### Task statement
Without including any images, repeat the data exactly.
*** Opening of Data for analysis ***
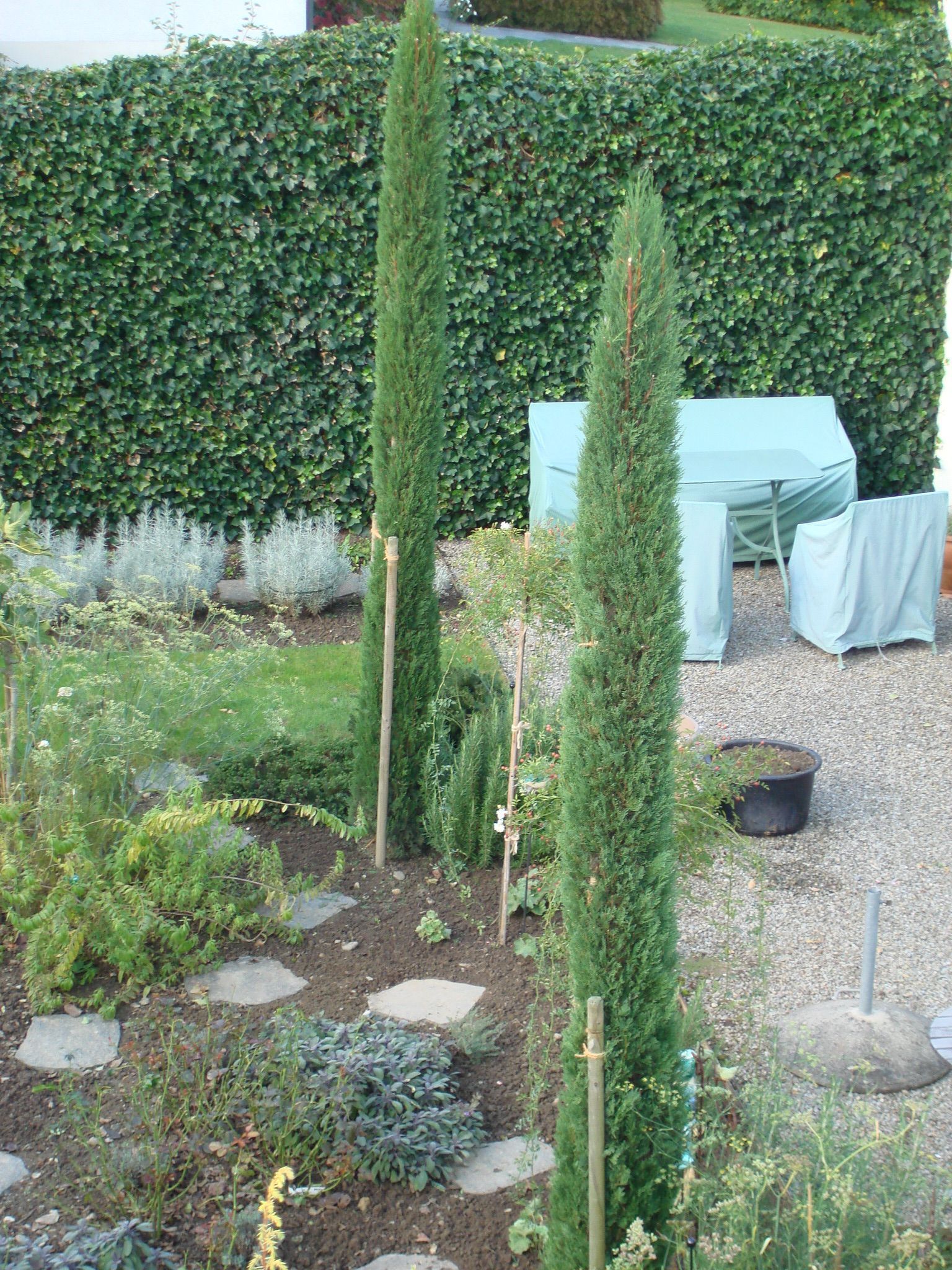 Zypressen - MM Gartenpflege GmbH Wiliberg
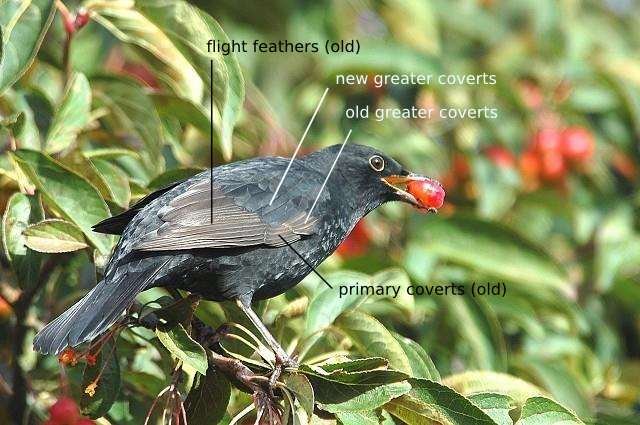 blackbird.jpg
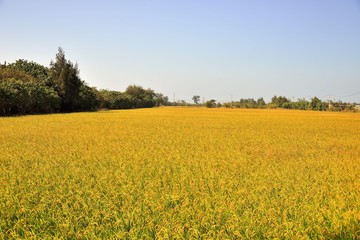 Lush green paddy in rice field ,Autumn background in the Taiwan.  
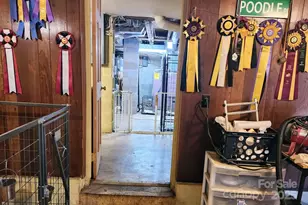 126 Gwyn St, North Wilkesboro, NC 28659 - Photo 33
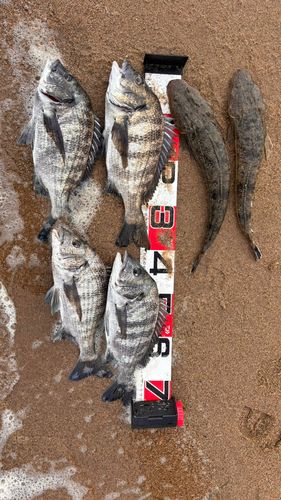 チヌの釣果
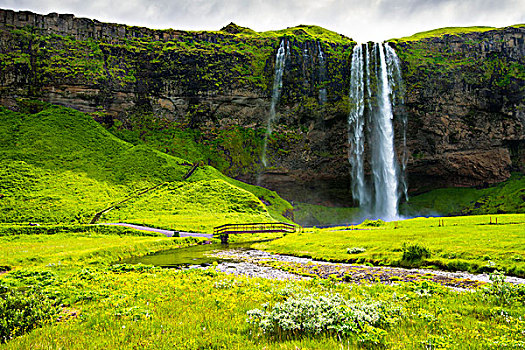 瀑布,绿色,草地,冰岛,欧洲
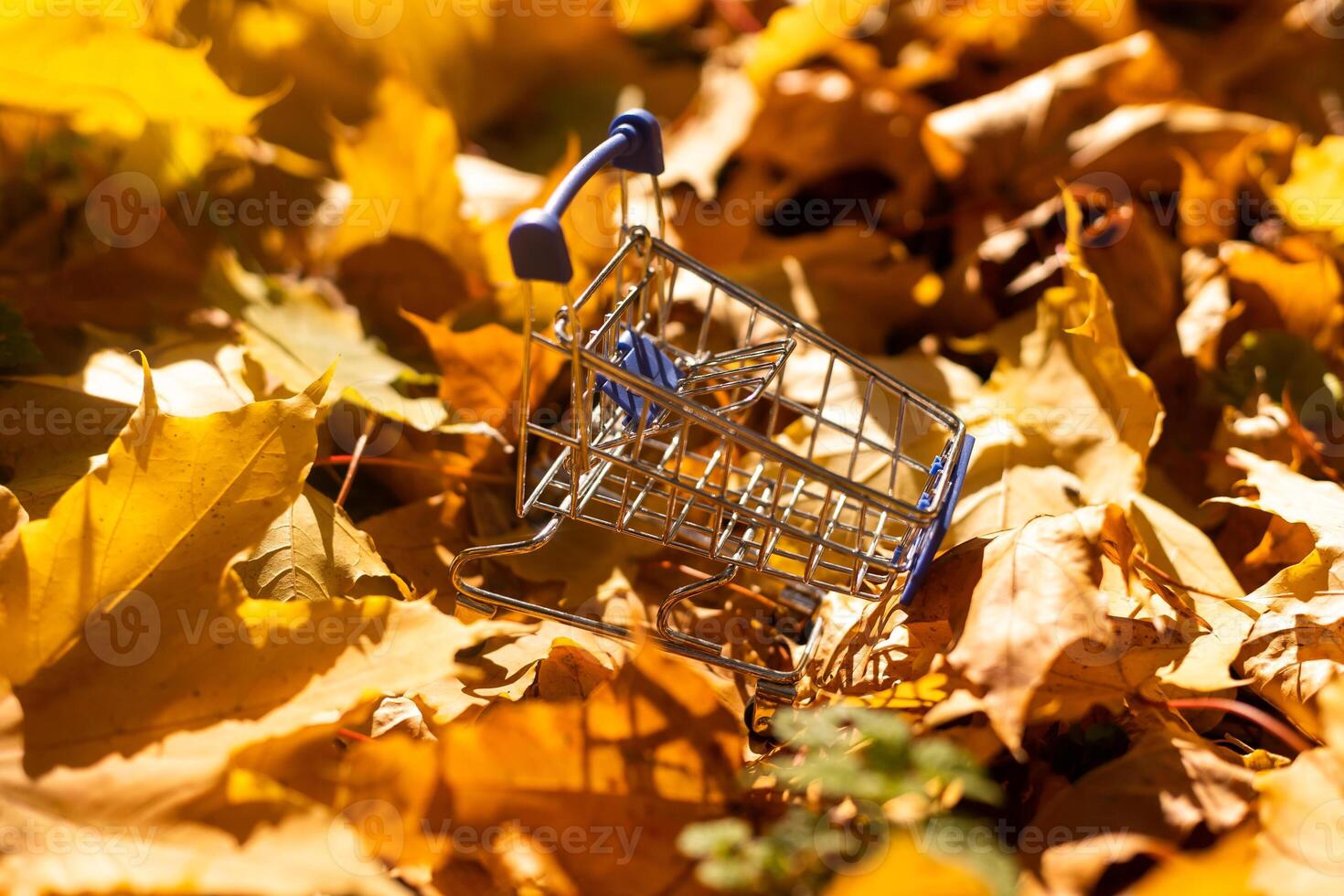 Autumn sale, Black Friday. Mini toy Grocery Shopping trolley cart with fall leaves on autumn nature background. photo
*** Close of Data for analysis ***
### Result for this task
 Zypressen - MM Gartenpflege GmbH Wiliberg
 blackbird.jpg
 Lush green paddy in rice field ,Autumn background in the Taiwan.  
 126 Gwyn St, North Wilkesboro, NC 28659 - Photo 33
 チヌの釣果
 瀑布,绿色,草地,冰岛,欧洲
 Autumn sale, Black Friday. Mini toy Grocery Shopping trolley cart with fall leaves on autumn nature background. photo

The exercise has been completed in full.